After all, we are born with these giant, fancy, spectacular brains. We never know what that intelligence is capable of achieving until we’re put to the test. Redford’s character brings to his challenge to survive decades of life experience etched on his face and lighting his eyes, along with basic education, courage, and good, old-fashioned wits. All Is Lost is a film about perseverance, not survival.
Whatever Redford’s character had in mind when he took off on his sailboat, his plans were abruptly derailed once he was hit by a stray shipping container full of shoes. He carefully sets about patching the hole. The first storm comes, it nearly sinks his craft but he and the vessel recover. The second storm? It nearly destroys them both. Yet each time he is hit with another obstacle he finds a way to overcome it. At some point it becomes clear that writer/director JC Chandor is drawing the larger comparison to our own lives: Survival is dependent upon not losing hope.
How this differs from last year’s Life of Pi is that it isn’t a spiritual journey to find life’s meaning. In Chandor’s film, losing hope refers only to tricking yourself to prevent hopelessness. There’s a line in the David Mamet script for The Edge, starring Anthony Hopkins and Alec Baldwin that says most men die in the wilderness of shame. One misstep, like forgetting to secure the cap on the fresh water container, can distort the reality — dying of shame means to be undone by the idea of failure. All Is Lost depicts a character who has many opportunities to die of shame, to simply stop trying to keep himself alive. And yet, each time, there is that flicker behind his eyes that says, okay, so that didn’t work so well. Let’s try this.

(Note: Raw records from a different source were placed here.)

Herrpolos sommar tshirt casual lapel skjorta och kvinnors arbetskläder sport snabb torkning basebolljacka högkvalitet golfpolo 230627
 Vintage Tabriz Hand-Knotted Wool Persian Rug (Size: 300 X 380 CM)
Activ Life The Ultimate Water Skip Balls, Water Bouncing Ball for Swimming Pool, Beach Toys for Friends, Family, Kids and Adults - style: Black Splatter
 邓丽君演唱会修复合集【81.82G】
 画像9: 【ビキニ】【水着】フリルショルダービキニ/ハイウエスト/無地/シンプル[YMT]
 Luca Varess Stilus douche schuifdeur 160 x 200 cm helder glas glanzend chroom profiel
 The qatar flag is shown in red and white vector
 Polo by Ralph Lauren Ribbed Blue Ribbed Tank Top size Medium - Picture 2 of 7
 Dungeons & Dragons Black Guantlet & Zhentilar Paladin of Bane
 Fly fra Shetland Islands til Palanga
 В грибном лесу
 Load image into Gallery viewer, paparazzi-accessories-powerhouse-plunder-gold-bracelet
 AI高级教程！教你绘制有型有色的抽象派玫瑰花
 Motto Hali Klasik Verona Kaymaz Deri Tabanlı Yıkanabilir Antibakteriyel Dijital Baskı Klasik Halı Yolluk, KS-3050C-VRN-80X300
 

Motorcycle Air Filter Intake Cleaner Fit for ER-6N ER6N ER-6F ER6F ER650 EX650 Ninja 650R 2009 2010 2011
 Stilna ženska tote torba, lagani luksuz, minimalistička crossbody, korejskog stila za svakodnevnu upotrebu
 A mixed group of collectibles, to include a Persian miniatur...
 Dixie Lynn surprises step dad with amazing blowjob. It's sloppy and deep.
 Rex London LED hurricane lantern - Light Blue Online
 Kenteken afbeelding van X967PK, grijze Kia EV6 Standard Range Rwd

Funnily enough, and sneakily enough, this is an applicable philosophy to most of the quiet day-to-day dreams we don’t dare realize. We are consumed by the fear of failing before we start. Or, we are stopped along the way by one catastrophic error and that prevents us from trying again. Redford’s character somehow has it right: all is not lost until really, you’ve lost everything.
It is Redford’s most moving portrayal capping a long and diverse career as actor, director, producer, Sundance film institute creator. In All Is Lost we have to opportunity to get to know this man up close, to really look at his skin in the light, to appreciate his freckled, wrinkled hands that have touched so much in their day. His frame, one we all know so well, now withering naturally with age but still in formidable shape. That famous hair, here stuck to his forehead which has been caked with blood from hitting his head. He let’s us in, for once, without the silk screen, without vanity. And though there is no dialogue, no other characters, no love story, it’s impossible not to root for him.
Redford has carried the film completely, within and without. By the end, what becomes most moving of all is the actor’s — the movie star’s — vulnerability. Without his wits, he is a frail old man, in danger of being swallowed by the sea.
Redford is so good in this movie if he didn’t already have such a long history of films behind him this would launch his career late in life. Despite his history, Redford has been nominated for Best Actor just once, in 1974 for The Sting. Here’s to hoping he sees a second, in 2014, at the age of 78.
As for Mr. Chandor, I don’t think I’ve seen such a dramatic departure from a film debut to a followup as his leap from Margin Call to All Is Lost. A film like this is a risk in an era when movie studios won’t release films that aren’t aimed at 13-year-olds. Funnily enough, I think every 13-year-old should see this movie, if, for no other reason than they can learn how to turn salt water into a form that’s drinkable.
When you think of inventive cinema these days, the first thing that comes to mind is the technology. In an era of rapidly evolving media there is something purifying about a film that displays pure craft — acting, writing, and directing. There are no quick fixes here about what it means to live, or what it means to die. For the duration, you are merely required to hold on. Hold on, as long as you can, until all — every last thing — is lost.